S'avvicina l'intesa tra Pechino e il Vaticano
Roma. Mai come ora l’intesa tra la Santa Sede e Pechino sembra così vicina. A farlo intendere, nella complessità di una lunga lettera la cui prima bozza risale addirittura allo scorso maggio, è il cardinale John Tong Hon, arcivescovo di Hong Kong. Una riflessione sullo stato dei rapporti tra la Cina e il Vaticano, scrive, ma che a scorgere tra le fitte righe fa intendere ben di più, e cioè che i negoziati riservati tra le parti stanno dando i loro frutti. Che il documento sia di tutto rilievo lo indica anche il fatto che sia stato diffuso in cinese, inglese e italiano. Nel testo, Tong Hon scrive che “gli sforzi compiuti per tanti anni dalla chiesa cattolica a riguardo di questo problema hanno gradualmente guadagnato la riconsiderazione del governo cinese; si vuole raggiungere un accordo con la Santa Sede relativo alla nomina dei vescovi in Cina e cercare insieme una soluzione accettata da entrambe le parti”. L’obiettivo, aggiunge, “è da un lato di non danneggiare l’unità fondamentale della chiesa cattolica e l’integrità dell’autorità della Santa Sede nell’iter di nomina dei vescovi; dall’altro lato, fare in modo che l’autorità del Santo Padre nel nominare i vescovi non sia considerata una intromissione nella Cina”. La via è stretta, come più volte ha avvertito chi più d’ogni altro in Vaticano conosce la materia, e cioè l’attuale segretario di Stato, il cardinale Pietro Parolin. Lo scorso febbraio, quest’ultimo ammetteva la visita a Pechino di una delegazione d’oltretevere, sottolineando però come non fosse la prima volta che ciò accadeva. A ogni modo, aggiungeva Parolin, ciò “fa parte di un certo percorso in vista di una normalizzazione dei rapporti e il solo fatto di poterci parlare è significativo”.

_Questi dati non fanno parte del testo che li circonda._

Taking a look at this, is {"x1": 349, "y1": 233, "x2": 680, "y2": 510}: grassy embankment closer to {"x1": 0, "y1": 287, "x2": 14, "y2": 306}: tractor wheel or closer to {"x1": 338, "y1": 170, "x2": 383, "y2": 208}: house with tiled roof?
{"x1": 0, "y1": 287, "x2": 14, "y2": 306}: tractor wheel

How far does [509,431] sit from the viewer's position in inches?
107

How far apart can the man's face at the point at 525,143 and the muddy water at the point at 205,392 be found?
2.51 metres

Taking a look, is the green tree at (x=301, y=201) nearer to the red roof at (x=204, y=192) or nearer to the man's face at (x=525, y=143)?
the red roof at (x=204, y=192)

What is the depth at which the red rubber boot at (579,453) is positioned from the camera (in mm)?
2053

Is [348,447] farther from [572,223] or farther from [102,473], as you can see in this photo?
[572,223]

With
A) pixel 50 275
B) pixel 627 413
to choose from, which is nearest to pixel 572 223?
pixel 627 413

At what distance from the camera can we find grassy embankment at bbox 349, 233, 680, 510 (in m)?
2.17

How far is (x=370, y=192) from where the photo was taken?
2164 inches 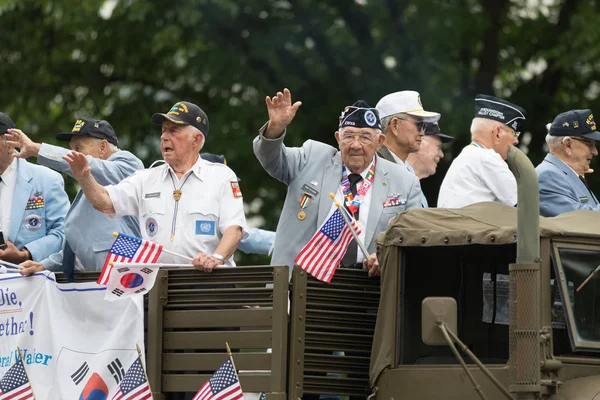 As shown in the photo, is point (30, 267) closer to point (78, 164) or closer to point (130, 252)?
point (78, 164)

Il cardinale Tong Hon riconosce che non tutto è già deciso benché “gli sforzi dei recenti pontefici stanno producendo i primi risultati”. Eppure, “non poche persone, però, all’interno e all’esterno della Cina, sono preoccupate, manifestano dubbi e perplessità circa la possibilità di raggiungere un accordo; temono che gli ufficiali della Curia e lo stesso Pontefice cedano sui princìpi fondamentali”. L’agreement non è pubblico, ma – sono ancora parole dell’arcivescovo di Hong Kong – “osiamo credere che Papa Francesco, come garante dell’unità e della comunione della chiesa universale, non accetterà nulla che possa danneggiare l’integrità della fede della chiesa universale o mettere in pericolo la comunione della chiesa in Cina con la chiesa universale”. Il canovaccio della possibile intesa è noto da tempo, e ha nella scelta dei vescovi il suo punto più critico. Nella Lettera ai cattolici cinesi del 2007, Benedetto XVI chiariva che “la nomina dei vescovi da parte del Papa è garanzia dell’unità della chiesa e della comunione gerarchica”. L’ipotesi di soluzione su cui le parti ragionano prevederebbe la presentazione da parte di Pechino di una lista di candidati alle sedi episcopali. Spetterebbe poi al Papa decidere chi nominare ufficialmente. Si tratta d’un compromesso che non comporta la sconfessione della Lettera del 2007, perché la designazione finale sarebbe – formalmente – prerogativa della Santa Sede. Il documento firmato da Tong Hon punta anche ad abbassare i toni, alzatisi negli ultimi mesi dopo le forti prese di posizione dell’arcivescovo emerito, il cardinale Joseph Zen, che dopo aver criticato pubblicamente il segretario di stato Parolin – “mi fidavo di lui” – nei giorni scorsi ha sostenuto che il Vaticano “sta svendendo la parte migliore della nostra chiesa”.